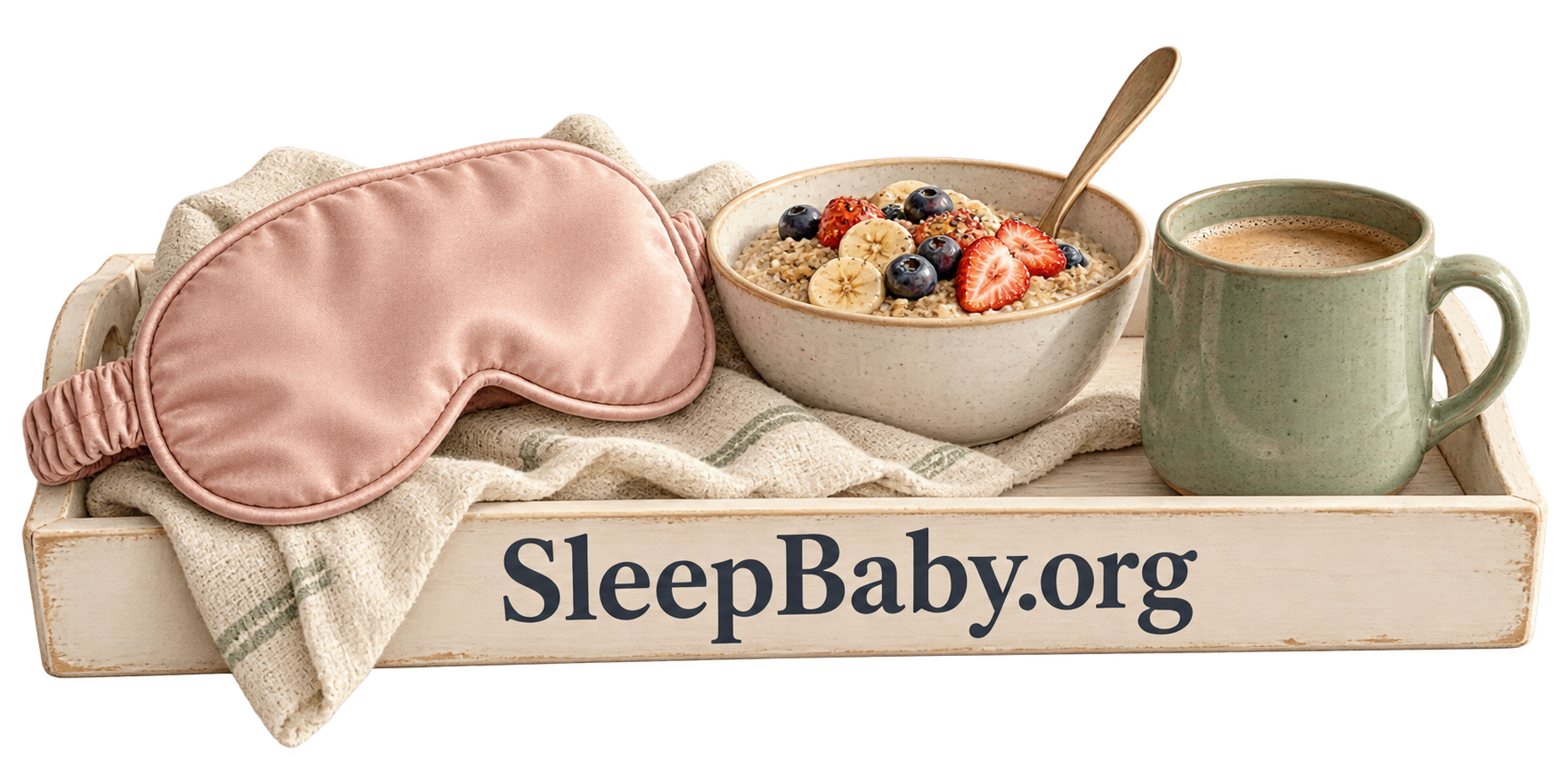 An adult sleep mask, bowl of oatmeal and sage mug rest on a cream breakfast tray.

----------------------------------------

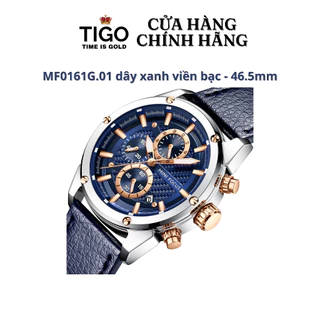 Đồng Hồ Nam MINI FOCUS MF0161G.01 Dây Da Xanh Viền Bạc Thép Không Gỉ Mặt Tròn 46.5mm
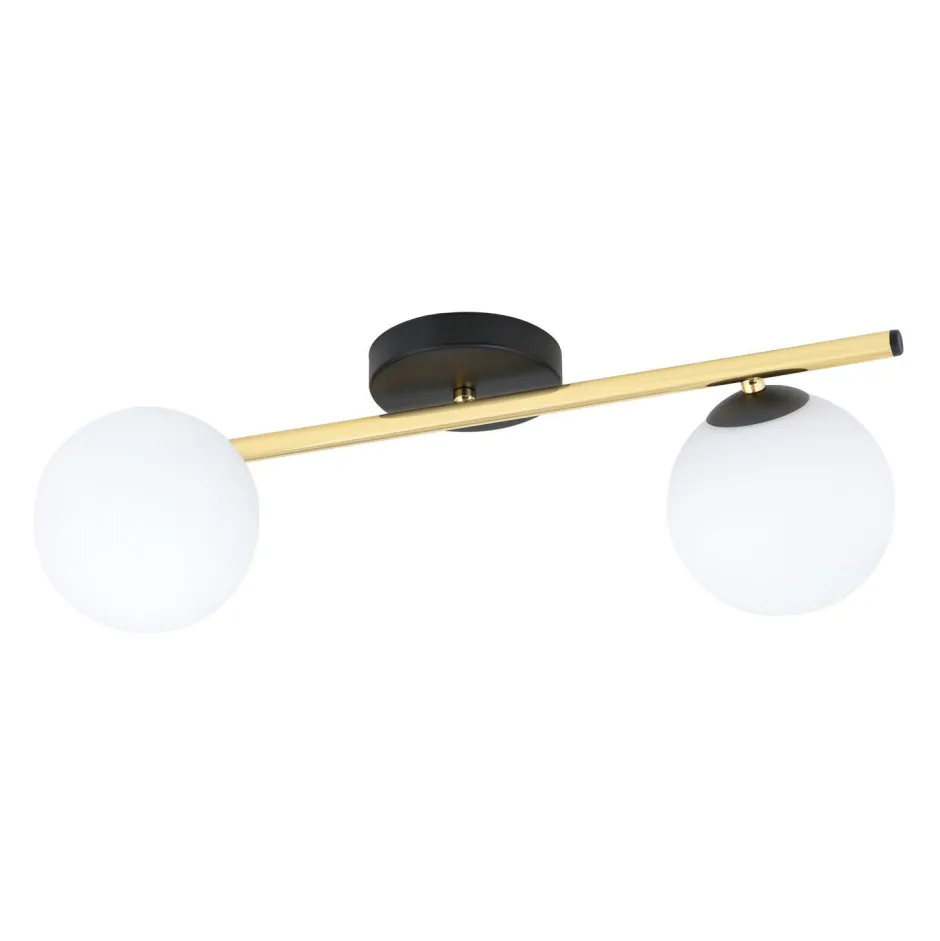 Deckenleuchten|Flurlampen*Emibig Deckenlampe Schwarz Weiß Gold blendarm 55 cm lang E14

----------------------------------------

Give the lines above again exactly, from the one containing "Đồng Hồ Nam" to the one containing "Deckenleuchten|Flurlampen*Emibig Deckenlampe Schwarz", both included, but leave out the pictures.

--- TASK ANSWER ---
 Đồng Hồ Nam MINI FOCUS MF0161G.01 Dây Da Xanh Viền Bạc Thép Không Gỉ Mặt Tròn 46.5mm
 Deckenleuchten|Flurlampen*Emibig Deckenlampe Schwarz Weiß Gold blendarm 55 cm lang E14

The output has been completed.